Il nous aura fait voyager le piano, samedi, aux Nuits Botanique. Du Liban natal de Bachar Mar-Khalifé à l’univers drôlement surréaliste de Katerine, il nous aura même valu deux des plus beaux concerts d’un festival qui tout doucement touche à sa fin. Le piano, Bachar, tombé dedans quand il était petit (la faute à un papa, gloire du oud, qui voulait le meilleur pour ses enfants), s’en sert pour briser les frontières. « Je ne me suis jamais dit: je vais faire du rock, du jazz ou du classique, c’eut été absurde », confiait le virtuose il y a quelques semaines dans un café resto parisien. Les genres et les ambiances, Bachar en joue. Donnant tour à tour l’impression de se retrouver au concours Reine Elisabeth, dans un remake de Whiplash, une boîte de nuit arabe et une chambre d’enfants de Beyrouth à l’heure du coucher…

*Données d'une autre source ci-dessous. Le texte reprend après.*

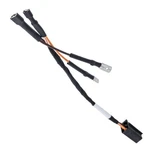 Polaris Oem Hand & Thumb Warmer Jumper Harness, Sportsman, 2890685. Fixed Price $26.94.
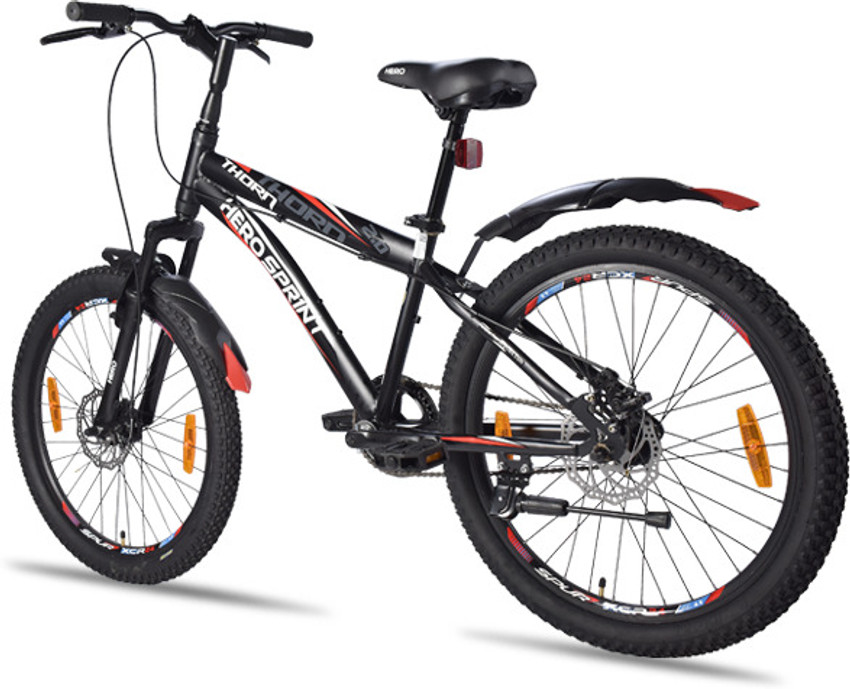 Hero sprint outlet thorn 26t
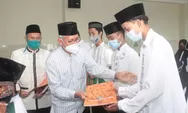 Milad ke-18, YAPAPB Semarang Santuni 20 Anak Panti Asuhan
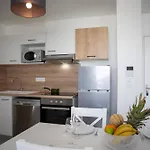Aparthotel My Residences - Port 3*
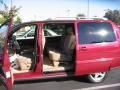 2005 Sport Red Metallic Chevrolet Uplander LT  photo #17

C’est en trio, accompagné d’un bassiste et de son impressionnant batteur de 19 ans repéré dans un groupe qui assurait sa première partie, que Bachar s’est mis le public longtemps sage et timide du Grand Salon en poche. Il ne faut pas comprendre l’arabe libanais pour que les chansons de Ya Balad, son troisième album, nous touchent et nous parlent. Le langage de la musique, des sentiments, de la générosité (une heure trois quarts de concert tout de même) est universel.

L’insaisissable Philippe Katerine, tout le monde ne le comprend pas toujours. Certains rêvent d’autres mondes. Katerine les crée. Doux barjot, poète du quotidien et de l’absurde, de l’absurde du quotidien, le natif des Deux-Sèvres n’a cessé de se réinventer depuis l’entame de sa carrière au début des années 90. Easy listening, bossa-nova, chanson, rock, percées électroniques… Katerine, le transformiste, prince du décalage, roi des doux excentriques, s’est avec Le Film raconté de façon intime et forcément un peu loufoque au piano. Si c’est lui qui en joue sur tous les titres de son album, Philippe Blanchard (c’est son vrai nom) se fait accompagner sur scène de la pianiste classique Dana Ciocarlie et autant l’écrire tout de suite convie autant à un one-man-show qu’à un concert. Moulé dans des bas collants verts, tel un Robin des bois qui se serait sauvé de chez Mel Brooks, Katerine revisite tout son répertoire à la lumière de ce nouvel éclairage. Regarde danser les gens, mange des bananes et se fait poursuivre par Marine Le Pen. « Tout rapport humain est compliqué/même avec moi-même j’ai des problèmes. » L’alchimie est parfaite. On a beau chercher les caméras autour de nous, convaincu que notre voisine insupportable de bêtise est en train de tourner un sketch de La Connasse, on se laisse embarquer par l’univers surréaliste et les comptines philosophiques (Les Objets) de l’improbable bonhomme…

« T’aimais pas les chanteurs qui bougent le cul/T’aimais pas les chanteurs qui chantent aigu/Mais tu m’en voulais pas/C’était bien comme ça/Si c’était bien pour moi. » Katerine le chante. Il a perdu son papa (décédé en 2014). Il l’a cherché partout. Et ça l’a rendu fou. Il dit avoir résisté aux pulsions de meurtre mais n’a pu s’empêcher de prendre sa bagnole et de se faire un hérisson (ce qui a l’art de fâcher les potes de Brigitte Bardot). La chanson terminée, un mammifère aux poils hérissés et piquants s’invite sur scène et s’envole dans le ciel scintillant du Cirque. Impossible de s’embêter une minute. Katerine fait Des bisous, invite dans le brouhaha de la circulation et des coups de klaxon (Automobile), amène le public à aboyer en meute (« on m’avait dit que les Belges faisaient bien les chiens »)… Crazy Kat.